To explore the micro/nanostructure and composition of Ag2Se-rGO film, high magnification SEM (Supplementary Fig. 12) and transmission electron microscopy (TEM) (Supplementary Fig. 13) were used for detailed characterization. There are no obvious pores in the Ag2Se-rGO films. Furthermore, a typical cross-sectional TEM image reveals that amorphous material is surrounded by crystalline regions of Ag2Se (Fig. 2g). Energy-dispersive spectroscopy (EDS) elemental mapping confirmed the crystalline regions as Ag2Se and the amorphous regions as rGO. Importantly, the Ag2Se grains showed excellent integration with the rGO, ensuring a well-connected structure conducive to enhanced thermoelectric performance. High-resolution TEM (HRTEM) images focused on Ag2Se grains adjacent to rGO (Fig. 2h and Supplementary Fig. 13), particularly in three regions highlighted by yellow, red, and blue squares in Fig. 2h and Supplementary Fig. 13b. These regions displayed clear lattice fringes, indicating excellent crystallinity. Interestingly, all three regions had nearly identical lattice spacings of ~0.38 nm, consistent with the (002) plane of Ag2Se. This uniformity suggests that the regions either belong to a single large grain or represent coherent grain boundaries, which are highly advantageous for charge transport by minimizing electron scattering. The corresponding selected area electron diffraction (SAED) patterns and fast Fourier transform images for the three regions (Fig. 2h and Supplementary Figs. 13e and 13f) revealed identical patterns, confirming their alignment along the Ag2Se \(\left[210\right]\) zone axis. Such structural coherence further underscores the high crystallinity and order within the composite material. Additionally, the rGO layer within the composite was found to have a thickness of approximately ~29 nm (Fig. 2i). The thinness of the rGO is attributed to its low concentration in the matrix and the improved dispersion facilitated by hydrogen bonding between ethylene glycol and the oxygen-containing functional groups on rGO. This optimized dispersion ensures that the rGO is uniformly distributed, further supporting its effectiveness in enhancing the thermoelectric properties of the composite64.

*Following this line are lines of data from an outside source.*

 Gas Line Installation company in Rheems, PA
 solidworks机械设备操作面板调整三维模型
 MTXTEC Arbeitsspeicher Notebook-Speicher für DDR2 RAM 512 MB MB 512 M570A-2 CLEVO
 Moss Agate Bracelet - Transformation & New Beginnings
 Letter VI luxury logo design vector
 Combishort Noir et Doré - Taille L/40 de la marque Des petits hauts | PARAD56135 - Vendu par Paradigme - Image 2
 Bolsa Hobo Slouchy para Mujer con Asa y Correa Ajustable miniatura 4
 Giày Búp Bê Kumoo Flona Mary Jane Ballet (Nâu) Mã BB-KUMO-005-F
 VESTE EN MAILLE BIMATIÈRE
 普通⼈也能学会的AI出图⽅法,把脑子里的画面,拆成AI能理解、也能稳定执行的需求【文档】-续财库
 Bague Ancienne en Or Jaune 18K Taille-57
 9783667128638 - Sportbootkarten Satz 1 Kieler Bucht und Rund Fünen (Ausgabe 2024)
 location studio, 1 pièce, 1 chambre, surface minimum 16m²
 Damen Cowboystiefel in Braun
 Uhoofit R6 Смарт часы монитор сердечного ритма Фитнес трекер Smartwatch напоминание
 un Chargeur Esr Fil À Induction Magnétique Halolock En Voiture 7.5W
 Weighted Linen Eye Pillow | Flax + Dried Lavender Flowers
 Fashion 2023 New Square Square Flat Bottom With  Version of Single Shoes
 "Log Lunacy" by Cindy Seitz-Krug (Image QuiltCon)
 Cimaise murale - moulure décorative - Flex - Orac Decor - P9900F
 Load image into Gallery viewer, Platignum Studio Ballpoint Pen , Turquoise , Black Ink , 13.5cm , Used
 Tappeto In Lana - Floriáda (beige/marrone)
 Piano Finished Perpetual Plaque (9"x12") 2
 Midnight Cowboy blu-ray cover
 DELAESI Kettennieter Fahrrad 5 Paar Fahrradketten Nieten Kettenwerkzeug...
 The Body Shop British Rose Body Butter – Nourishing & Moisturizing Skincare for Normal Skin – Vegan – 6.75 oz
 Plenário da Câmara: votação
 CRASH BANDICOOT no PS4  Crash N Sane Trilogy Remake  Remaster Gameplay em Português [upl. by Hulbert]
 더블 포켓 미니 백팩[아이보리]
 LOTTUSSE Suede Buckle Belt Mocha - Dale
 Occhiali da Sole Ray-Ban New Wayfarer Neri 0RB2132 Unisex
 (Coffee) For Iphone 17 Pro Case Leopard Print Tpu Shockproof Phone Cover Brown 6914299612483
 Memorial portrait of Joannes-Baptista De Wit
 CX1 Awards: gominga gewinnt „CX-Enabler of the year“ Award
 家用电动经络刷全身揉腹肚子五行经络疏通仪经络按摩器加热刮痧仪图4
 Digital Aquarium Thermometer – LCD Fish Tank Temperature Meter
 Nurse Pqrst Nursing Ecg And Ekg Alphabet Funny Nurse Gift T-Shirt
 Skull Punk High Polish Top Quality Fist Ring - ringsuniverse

To evaluate the crystallinity of Se nanowires and Ag2Se films synthesized at different temperatures, X-ray diffraction (XRD) patterns were analyzed (Supplementary Figs. 14 and 15). The Se nanowires exhibited excellent crystallinity, with all diffraction peaks corresponding to Se (JCPDS #06-0362). For the Ag2Se films, all peaks corresponded to Ag2Se (JCPDS #24-1041), confirming the successful synthesis of the material. Interestingly, as the synthesis temperature increased from 60 °C to 100 °C, the diffraction peaks shifted from (112) and (121) to (013), indicating that optimizing the synthesis temperature is essential for achieving desired orientation of Ag2Se crystals. After incorporating rGO into the films, a strong (013) orientation was observed, which is beneficial for achieving high μ (Supplementary Fig. 16a)24, aligning with the results from electron backscattered diffraction (EBSD) (Fig. 2f)25. Furthermore, density-functional theory (DFT) calculations indicate that the (013) orientation sets the ground for high mobility and good electronic transport. Since characteristic peaks of rGO are difficult to observe in XRD, Raman spectroscopy was employed to analyze the Ag2Se-rGO composite films (Supplementary Fig. 16b). Two prominent peaks were observed at approximately 1344 and 1583 cm−1, corresponding to the D-band and G-band of rGO65, confirming the successful incorporation of rGO into the Ag2Se matrix.
Further composition and bonding analysis were conducted using X-ray photoelectron spectroscopy (XPS) (Supplementary Figs. 16c–f and Supplementary Figs. 17, 18, and 19). For GO, the C 1s peak was deconvoluted into three components located at 284.78, 286.78, and 288.48 eV, corresponding to C-C, C-O, and O-C=O bonds, respectively (Supplementary Fig. 16d)66. In the Ag2Se-rGO composite films, the C 1s spectrum was reduced to two peaks: one at 284.78 eV (C-C) and the other at 286.78 eV (C-O), with the intensity of the C-O peak significantly diminished. This confirms that graphene oxide (GO) was successfully reduced to rGO.
The XPS spectra of Ag2Se + 0.02 wt% rGO were similar to those of pristine Ag2Se, with peaks corresponding to Ag 3 d3/2, Ag 3 d5/2, Se 3d3/2, and Se 3d5/2, respectively (Supplementary Fig. 16c). However, the binding energies of Ag 3d and Se 3d in Ag2Se-rGO composites showed upward shift compared to pure Ag2Se (Supplementary Fig. 16e, f), indicating stronger bonding interactions within the composite67. These binding energy shifts were also observed in samples with different rGO concentrations (x = 0.01, 0.03, and 0.04 wt%) (Supplementary Figs. 17, 18, and 19). The stronger interfacial interactions between Ag2Se nanowires and rGO, driven by the high surface energy of rGO, enhance the bonding between the nanowires. This facilitates the formation of more stable large grains during the hot-pressing process, ultimately contributing to the enhanced performance of the composite films63,68.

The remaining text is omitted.